About a year ago I experimented with implementing volumetric lighting^{1} using ray marching^{2}. I had gotten the basic idea from a lecture and liked the simplicity of the algorithm. My implementation back then was not particularly clever though, and since then I have kept getting interesting ideas on how to improve upon it. This series of post will explore the basic algorithm and various improvements I have made to it.
To reiterate, I’m going to focus on a ray-marching based algorithm for approximating volumetric lighting. While there also exist (likely faster) methods for approximating it in screen space, this approach should be a bit more accurate. It also has the benefit of allowing for textured lights^{3}. Most importantly I think it is neat because it is a very intuitive algorithm.
So, how does it work? Essentially it is an extension of the normal shadow mapping algorithm. Instead of only sampling^{4} the shadow map at the position of the object we also sample it a number of times in the area between the camera and the object. This is illustrated in the image above. If we take the average of all these samples we get a value in the range [0, 1] for how much of the air between the camera and object is in light. Some pseudocode below:
sum = 0
for each sample point p on the ray to the object
s = sample shadow map with p
// s = 0: in shadow
// s = 1: in light
sum += s
sum /= number of samples
My description of the basic algorithm above sounds simple enough and it was more or less what my old implementation was doing. In many cases it also looks perfectly fine, but if we take a step back and think about it it stops making sense. If we just average all the samples we assume that each sample contributes the same amount to the final image, i.e. a sample 1000 meters away is as important as a sample 1 meter away. It gets even worse when we consider the fact that the range we are looking at changes depending on how far the away the object on the screen is.
In the image above we consider two pixels, A and B. Pixel A should probably be brighter than B as it has more light on it (from two light sources). In the current model pixel B will actually be brighter than A as a larger percentage of the distance between the camera and the object is in light. In order to do this properly we clearly need a model to apply different weights to the samples somehow, which is the first improvement of my new implementation. I decided on a linear model with the following properties:
This is not very intuitive to understand, so take a look at this graph instead:
The weight for a given sample is the area under the graph for the distance the sample covers. The total area for all samples (given that we only sample from 0 to d_{max}) is 1. The weight decreases the further away from the camera a sample is, and after d_{max} the light contributes nothing to the final image at all. In practice I’m going to approximate the weights somewhat:
In the above example the weight for the first sample s_{1} is going to be the range covered (d_{max} / 4) times f(s_{1}).

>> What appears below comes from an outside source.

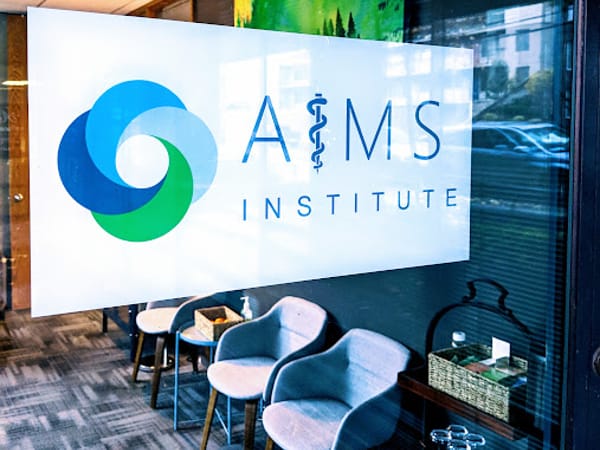 AIMS Institute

For this series of posts I’m going to limit myself to spotlights, mainly because that’s what I primarily use (for now). But most (if not all) of the optimizations and improvements should be easily transferable to omni-directional point lights as well.
My spotlight model is fairly simple. Each spotlight has a position, a direction, outer and inner angles (used for attenuation along the light edge), a range (used for quadratic light falloff) and a color. The following struct is the input to the shader:
struct Spotlight {
vec3 vsPos; // Position in view space
vec3 vsDir; // Direction in view space
vec3 color; // Color of the light
float range; // How far the light reaches, can also be thought of as strength
float softFovRad; // The sharp, outer edge of the spotlight
float sharpFovRad; // The soft, inner edge of the spotlight
float softAngleCos; // cos(softFovRad / 2)
float sharpAngleCos; // cos(sharpFovRad / 2)
mat4 lightMatrix; // Transforms point in view space to shadow map coordinate
};
// User defined parameters
uniform int uNumSamples; // Number of samples per pixel
uniform float uMaxDist;
uniform float uScaleFactor; // Simply a factor to scale the result
void main()
{
vec3 vsPos = ... ; // Reconstruct from depth buffer
vec3 rayDir = ... ; // For example normalize(vsPos)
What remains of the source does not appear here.